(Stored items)
------------------------------------------------
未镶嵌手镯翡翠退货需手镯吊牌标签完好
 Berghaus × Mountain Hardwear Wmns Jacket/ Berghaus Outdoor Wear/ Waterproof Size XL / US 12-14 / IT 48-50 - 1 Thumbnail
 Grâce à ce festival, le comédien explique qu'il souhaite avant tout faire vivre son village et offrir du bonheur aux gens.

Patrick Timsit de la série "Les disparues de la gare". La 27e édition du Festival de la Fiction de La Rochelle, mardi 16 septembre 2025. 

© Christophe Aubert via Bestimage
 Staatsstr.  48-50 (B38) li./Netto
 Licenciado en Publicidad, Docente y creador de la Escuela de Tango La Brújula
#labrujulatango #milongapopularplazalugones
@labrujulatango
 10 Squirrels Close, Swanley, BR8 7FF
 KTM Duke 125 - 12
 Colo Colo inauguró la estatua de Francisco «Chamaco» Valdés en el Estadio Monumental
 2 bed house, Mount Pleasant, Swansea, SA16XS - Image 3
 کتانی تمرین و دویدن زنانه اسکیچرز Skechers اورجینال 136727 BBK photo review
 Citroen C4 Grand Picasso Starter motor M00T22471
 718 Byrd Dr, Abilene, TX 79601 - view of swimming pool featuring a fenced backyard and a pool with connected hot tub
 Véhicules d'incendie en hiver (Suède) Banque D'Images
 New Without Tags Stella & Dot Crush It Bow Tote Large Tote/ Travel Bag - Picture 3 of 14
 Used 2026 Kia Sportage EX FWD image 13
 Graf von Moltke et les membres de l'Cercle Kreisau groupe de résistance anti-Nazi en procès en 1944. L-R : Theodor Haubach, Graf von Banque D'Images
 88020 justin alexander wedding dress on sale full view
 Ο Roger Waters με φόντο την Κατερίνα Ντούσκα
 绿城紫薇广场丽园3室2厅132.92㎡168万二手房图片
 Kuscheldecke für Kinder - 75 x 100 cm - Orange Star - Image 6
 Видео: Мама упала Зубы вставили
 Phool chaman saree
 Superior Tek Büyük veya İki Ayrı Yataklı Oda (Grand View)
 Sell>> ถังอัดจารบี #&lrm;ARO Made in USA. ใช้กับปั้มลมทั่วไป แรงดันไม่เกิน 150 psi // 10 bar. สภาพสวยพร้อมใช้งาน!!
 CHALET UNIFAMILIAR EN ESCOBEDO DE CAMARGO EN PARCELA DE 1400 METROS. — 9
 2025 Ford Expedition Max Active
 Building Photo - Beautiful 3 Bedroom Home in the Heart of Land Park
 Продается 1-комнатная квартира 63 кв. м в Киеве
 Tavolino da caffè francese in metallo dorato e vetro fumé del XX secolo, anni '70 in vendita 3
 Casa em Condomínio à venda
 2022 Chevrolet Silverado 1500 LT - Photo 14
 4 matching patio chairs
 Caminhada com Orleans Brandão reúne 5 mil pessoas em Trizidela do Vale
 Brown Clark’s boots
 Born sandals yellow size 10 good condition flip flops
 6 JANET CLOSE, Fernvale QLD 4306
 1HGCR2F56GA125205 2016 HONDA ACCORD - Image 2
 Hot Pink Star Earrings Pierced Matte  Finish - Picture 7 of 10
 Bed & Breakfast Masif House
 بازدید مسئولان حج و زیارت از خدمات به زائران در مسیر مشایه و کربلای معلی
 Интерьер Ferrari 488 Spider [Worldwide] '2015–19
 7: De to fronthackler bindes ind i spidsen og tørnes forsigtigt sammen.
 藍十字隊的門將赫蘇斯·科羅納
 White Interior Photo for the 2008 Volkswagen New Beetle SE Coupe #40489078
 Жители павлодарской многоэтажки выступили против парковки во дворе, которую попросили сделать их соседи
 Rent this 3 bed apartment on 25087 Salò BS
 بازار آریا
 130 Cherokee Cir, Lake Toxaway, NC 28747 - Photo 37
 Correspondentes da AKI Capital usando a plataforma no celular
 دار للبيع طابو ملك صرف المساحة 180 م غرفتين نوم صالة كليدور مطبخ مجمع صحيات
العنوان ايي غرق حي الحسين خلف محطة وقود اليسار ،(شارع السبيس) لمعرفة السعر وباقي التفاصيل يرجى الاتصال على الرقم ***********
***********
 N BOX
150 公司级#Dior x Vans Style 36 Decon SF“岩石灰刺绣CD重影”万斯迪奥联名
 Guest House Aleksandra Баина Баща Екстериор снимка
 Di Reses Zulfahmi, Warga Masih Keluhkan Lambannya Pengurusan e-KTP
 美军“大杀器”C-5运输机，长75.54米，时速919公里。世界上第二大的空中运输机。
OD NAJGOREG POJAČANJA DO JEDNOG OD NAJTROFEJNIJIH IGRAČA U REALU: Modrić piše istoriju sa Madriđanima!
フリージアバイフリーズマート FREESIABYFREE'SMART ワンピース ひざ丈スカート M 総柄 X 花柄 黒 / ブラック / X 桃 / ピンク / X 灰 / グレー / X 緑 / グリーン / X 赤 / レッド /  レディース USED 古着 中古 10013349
------------------------------------------------
◆ **TO DO**
A line qualifies when it holds the word "Images"; report all qualifying lines from the records above.

◆ **SOLUTION TO THIS PROBLEM**
 Véhicules d'incendie en hiver (Suède) Banque D'Images
 Graf von Moltke et les membres de l'Cercle Kreisau groupe de résistance anti-Nazi en procès en 1944. L-R : Theodor Haubach, Graf von Banque D'Images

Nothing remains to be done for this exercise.